シャンティイの砂は深いでしょ?歩いているだけでもトレーニングになるし、それがキセキの弱かった部分を鍛えてくれた。体幹がしっかりしてきたと感じるよ」(清山助手)

 ここまでは、どの新聞も報じていること。だからこそ、記者は次の部分にこそ注目した。

「最後にしっかりと伸び切るために、まずは体を起こしておく。まあ、当たり前の理屈ではあるんだけど、以前から意識的に上体を起こした乗り方を心がけてきた。速いところよりも、キャンターのほうが大変なんだよ。ハミを軽くかませた状態で、キセキのパワーをコントロールしなくちゃいけないんだからね」

「頭の位置が低い走りこそベスト」という“刷り込み”がある日本では「見た目がイマイチ」となってしまうが、欧州のトップジョッキーたちは、当たり前のようにする乗り方だ。

 キセキのフォワ賞(3着)後に、友道キュウ舎の大江助手が「レースであそこまで体を起こして走る姿を初めて見た。負けはしたけど、スミヨンはああいうところをしっかりとやるんだ。さすがだなと思いましたよ」と口にしていたことを清山助手に振ると…。
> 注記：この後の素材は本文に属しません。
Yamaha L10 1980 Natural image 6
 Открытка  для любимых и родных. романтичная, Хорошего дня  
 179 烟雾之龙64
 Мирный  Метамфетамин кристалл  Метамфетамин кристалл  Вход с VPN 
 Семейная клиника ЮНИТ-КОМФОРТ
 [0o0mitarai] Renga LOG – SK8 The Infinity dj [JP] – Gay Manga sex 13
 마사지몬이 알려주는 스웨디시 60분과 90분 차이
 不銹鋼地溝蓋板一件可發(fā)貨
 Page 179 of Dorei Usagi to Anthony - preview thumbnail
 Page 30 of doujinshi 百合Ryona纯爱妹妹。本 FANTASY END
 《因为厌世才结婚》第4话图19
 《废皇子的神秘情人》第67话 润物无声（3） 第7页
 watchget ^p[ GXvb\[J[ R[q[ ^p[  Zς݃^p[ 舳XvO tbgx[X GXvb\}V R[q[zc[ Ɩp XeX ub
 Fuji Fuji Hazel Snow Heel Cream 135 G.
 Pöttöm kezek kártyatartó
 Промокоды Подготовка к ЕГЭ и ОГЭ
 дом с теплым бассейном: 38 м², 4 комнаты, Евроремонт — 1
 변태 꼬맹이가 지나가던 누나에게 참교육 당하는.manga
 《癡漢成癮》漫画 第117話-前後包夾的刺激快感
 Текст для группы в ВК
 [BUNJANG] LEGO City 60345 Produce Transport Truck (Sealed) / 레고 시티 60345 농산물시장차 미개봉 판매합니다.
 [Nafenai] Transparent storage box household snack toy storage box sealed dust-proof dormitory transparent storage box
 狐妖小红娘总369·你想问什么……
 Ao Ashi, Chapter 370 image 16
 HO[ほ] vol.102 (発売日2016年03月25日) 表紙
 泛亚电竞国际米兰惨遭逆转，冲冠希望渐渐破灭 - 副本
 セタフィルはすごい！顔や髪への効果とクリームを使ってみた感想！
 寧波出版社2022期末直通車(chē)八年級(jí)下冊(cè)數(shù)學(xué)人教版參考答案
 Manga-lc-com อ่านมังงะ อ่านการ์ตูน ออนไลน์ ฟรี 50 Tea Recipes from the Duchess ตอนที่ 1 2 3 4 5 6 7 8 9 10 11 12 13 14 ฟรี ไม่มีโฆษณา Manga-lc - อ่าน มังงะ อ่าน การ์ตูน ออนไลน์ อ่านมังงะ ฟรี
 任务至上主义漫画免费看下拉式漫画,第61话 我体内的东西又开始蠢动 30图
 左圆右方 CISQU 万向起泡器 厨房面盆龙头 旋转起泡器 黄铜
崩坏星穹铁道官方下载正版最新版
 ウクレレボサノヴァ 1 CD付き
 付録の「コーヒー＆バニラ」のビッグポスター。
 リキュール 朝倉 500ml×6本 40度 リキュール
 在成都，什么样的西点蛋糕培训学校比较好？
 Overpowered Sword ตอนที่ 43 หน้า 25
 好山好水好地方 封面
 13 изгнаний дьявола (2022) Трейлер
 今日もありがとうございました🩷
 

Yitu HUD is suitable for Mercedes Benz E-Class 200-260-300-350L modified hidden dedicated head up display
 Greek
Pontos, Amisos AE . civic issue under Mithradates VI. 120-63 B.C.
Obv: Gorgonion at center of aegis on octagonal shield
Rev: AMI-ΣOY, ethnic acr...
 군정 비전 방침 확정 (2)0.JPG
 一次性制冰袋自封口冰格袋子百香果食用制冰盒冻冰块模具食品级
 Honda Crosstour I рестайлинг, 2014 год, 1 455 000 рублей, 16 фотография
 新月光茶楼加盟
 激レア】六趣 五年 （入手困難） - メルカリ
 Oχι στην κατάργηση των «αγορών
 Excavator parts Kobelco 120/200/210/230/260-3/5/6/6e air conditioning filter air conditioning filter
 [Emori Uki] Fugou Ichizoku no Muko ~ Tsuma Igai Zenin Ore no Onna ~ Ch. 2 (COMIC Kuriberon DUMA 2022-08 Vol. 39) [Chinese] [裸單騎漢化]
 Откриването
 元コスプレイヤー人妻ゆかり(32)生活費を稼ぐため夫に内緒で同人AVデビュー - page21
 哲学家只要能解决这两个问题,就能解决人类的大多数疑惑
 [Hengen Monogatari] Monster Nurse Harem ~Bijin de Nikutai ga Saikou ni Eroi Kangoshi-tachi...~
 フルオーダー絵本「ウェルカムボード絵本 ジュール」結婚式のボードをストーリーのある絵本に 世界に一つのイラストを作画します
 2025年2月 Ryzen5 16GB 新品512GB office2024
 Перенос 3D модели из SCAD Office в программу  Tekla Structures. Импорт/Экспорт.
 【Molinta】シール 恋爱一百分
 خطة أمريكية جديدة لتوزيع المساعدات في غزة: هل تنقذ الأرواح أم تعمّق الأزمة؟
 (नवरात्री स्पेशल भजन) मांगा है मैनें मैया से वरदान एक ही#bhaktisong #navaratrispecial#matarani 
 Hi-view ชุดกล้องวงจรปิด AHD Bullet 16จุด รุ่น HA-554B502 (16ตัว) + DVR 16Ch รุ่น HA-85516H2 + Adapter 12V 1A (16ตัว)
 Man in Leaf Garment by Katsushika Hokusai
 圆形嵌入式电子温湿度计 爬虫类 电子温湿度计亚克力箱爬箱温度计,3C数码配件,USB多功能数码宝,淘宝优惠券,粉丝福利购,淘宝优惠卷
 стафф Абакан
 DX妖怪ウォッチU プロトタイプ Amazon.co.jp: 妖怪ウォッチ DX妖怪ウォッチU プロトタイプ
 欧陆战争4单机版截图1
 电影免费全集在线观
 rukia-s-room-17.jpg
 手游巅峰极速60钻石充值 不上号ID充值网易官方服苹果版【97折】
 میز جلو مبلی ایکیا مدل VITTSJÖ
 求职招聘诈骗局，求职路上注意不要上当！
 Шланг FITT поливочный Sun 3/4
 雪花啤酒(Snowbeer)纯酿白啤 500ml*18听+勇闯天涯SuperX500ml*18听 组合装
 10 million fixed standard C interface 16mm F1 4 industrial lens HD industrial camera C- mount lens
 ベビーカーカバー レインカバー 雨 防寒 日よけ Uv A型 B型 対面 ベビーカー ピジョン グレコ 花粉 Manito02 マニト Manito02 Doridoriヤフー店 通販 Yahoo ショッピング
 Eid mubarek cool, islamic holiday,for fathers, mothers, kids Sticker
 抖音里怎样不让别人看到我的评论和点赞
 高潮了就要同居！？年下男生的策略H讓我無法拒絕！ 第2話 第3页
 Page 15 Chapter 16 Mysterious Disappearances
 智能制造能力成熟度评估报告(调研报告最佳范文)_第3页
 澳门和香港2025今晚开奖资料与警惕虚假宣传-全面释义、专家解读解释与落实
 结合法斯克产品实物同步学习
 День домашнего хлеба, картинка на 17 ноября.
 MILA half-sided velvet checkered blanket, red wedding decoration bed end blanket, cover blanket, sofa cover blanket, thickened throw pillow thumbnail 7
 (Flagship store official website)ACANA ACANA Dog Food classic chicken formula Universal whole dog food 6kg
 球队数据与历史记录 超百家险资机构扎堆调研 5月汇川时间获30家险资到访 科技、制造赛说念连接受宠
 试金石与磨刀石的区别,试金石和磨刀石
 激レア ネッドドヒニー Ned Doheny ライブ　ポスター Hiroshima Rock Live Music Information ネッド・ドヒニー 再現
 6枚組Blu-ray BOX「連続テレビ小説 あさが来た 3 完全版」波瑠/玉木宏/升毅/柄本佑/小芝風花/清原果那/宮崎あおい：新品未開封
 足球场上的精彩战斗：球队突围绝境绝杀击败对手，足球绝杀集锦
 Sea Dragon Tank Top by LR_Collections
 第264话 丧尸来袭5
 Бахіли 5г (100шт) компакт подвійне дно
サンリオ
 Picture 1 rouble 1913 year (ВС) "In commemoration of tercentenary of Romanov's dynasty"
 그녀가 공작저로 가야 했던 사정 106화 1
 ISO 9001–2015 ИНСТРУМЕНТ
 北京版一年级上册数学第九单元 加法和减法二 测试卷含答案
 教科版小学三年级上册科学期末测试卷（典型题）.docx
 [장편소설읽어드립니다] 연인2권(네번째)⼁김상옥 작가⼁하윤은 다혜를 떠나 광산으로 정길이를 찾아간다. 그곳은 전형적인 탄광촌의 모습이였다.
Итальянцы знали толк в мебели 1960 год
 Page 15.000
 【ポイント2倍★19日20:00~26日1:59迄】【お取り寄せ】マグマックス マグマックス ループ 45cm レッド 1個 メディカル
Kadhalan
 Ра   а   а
「俺もそう思った。すごいなって。タフな馬場で密集した競馬をしている彼らは、いかに脚をためるかを考えている。でも、それは後ろにいればいいって簡単な話じゃなくて、しっかりと位置を取ったうえで我慢させる。その技術だよね。そのために必要な乗り方が“体を起こす”こと。今回の遠征はすごく意味があったと思うし、その乗り方が世界で一番上手な騎手はムーア。中山はパワーが必要ってことも含め、すべてが今回の有馬に生きてくると思わない?」

 今週火曜の坂路で見たキセキは、上体を起こしながら軽くハミを取り、ウイークポイントである“ハミをたぐる”ような面も見せない、ギリギリのところでコントロールが利いた素晴らしい雰囲気だった。

「この調教を追い切り後の金曜あたりにもできれば面白いと思う」と、手応えを感じている清山助手は「あとは一瞬の脚で勝負する馬じゃないので、4コーナーでアーモンドアイと2馬身は欲しいかな」と結んだ。これは大仕事をする可能性まであるのでは?フランス帯同記者としてキセキを応援したい気持ちが日に日に強まっている。